A smooth drive down the first fairway calmed Bell’s nerves. Simpson and his caddie, Paul Tesori, made them feel comfortable as the round unfolded. Simpson’s phone, in his back pocket because his wife, Dowd, was eight months pregnant with their fifth child, buzzed throughout the round. Not with baby updates, but with texts and calls from friends and relatives requesting photos and any morsel of information about the experience of spending a morning with a musician they’ve admired for years.
“I had no idea who (Bell) was,” Tesori said with a laugh. “I’m just not that big of a music guy. The amazing thing for me, is you’re getting all this information from caddies, getting some extra visits from Tour guys and stuff like this … so often when we get paired with musicians or actors or anything else, they’re so used to being the center of attention that they seem to act like they’re the center of attention. That man was humble, kind, respectful … He asked as much about my family and Webb’s family as anything else. And his caddie, Steve, was amazing.
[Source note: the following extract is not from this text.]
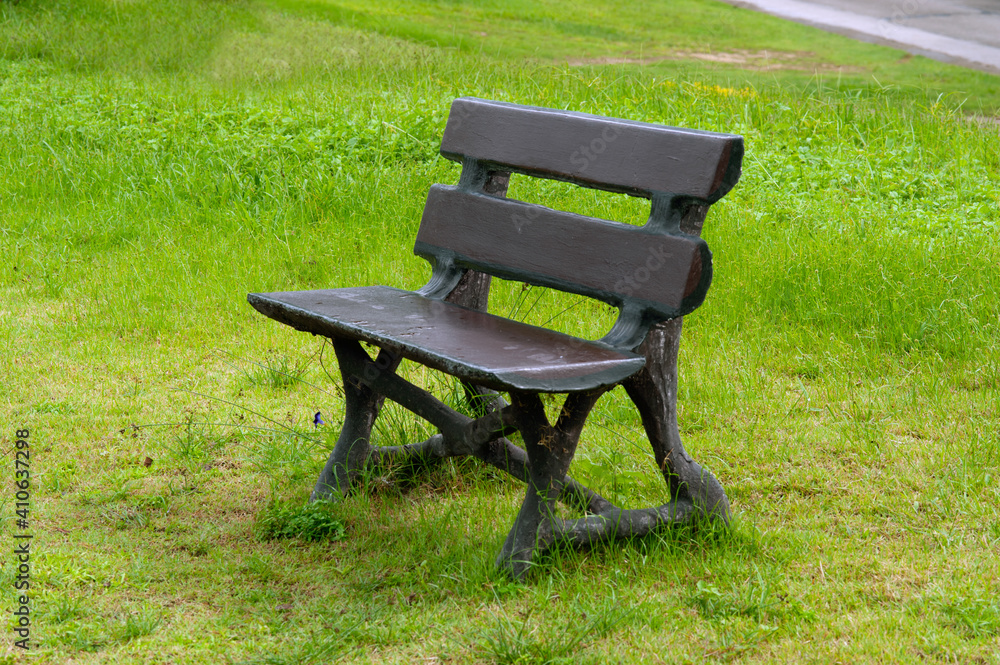 Lonely old concrete cosy bench in a public park area. Lonely old concrete cosy bench in a public park area.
It hugely stuck out to me the amount of humility they had.”
Lopez and Bell admired Simpson’s prodigious tee shots and their detailed work dissecting each shot and the intricacies of each green.
And, regardless how often a person has performed in front of thousands of adoring fans, a complimentary word from a Tour pro on a golf course still resonates to the soul.
“Webb would say: ‘Nice shot, JB’ or ‘Nice shot John’ and JB’s eyes would light up,” Lopez said. He’d say ‘Did you hear that? He said good shot.’”
Lopez had played enough golf with Bell to understand his boss likes to play by feel and not be overwhelmed with information. During the round he might point out a side of the fairway to favor, or a particular hazard to avoid, but basically turned Bell loose and let him unleash his low fade down the fairways. Lopez was proud that Bell “only lost a couple of balls in the water.”
By the end of the round, word of Bell’s participation in he pro-am had spread around the tiny island in Georgia and 40 fans or so followed outside the ropes. The Simpson/Bell foursome finished outside the money, but the day was a resounding success.
Lopez is eager for another shot on the bag in the PGA Tour arena.
From day-to-day, the responsibilities of a band tour manager and PGA Tour caddie are similar in one way. They must be prepared for the unexpected and aim to handle the details and minutiae so the performer or player can focus on performing or playing. When unexpected situations and distractions arise, a sharp tour manager or Tour caddie remains calm and addresses the issue smoothly.
“If we did more than one tournament there would be a lot more comparisons,” Lopez said. “I wasn’t fully in charge. On the road he knows when to be where and what to do next. On the course the player is the boss. The roles were a little reversed. If we did more than one tournament I’d probably take over the logistics of time and travel.”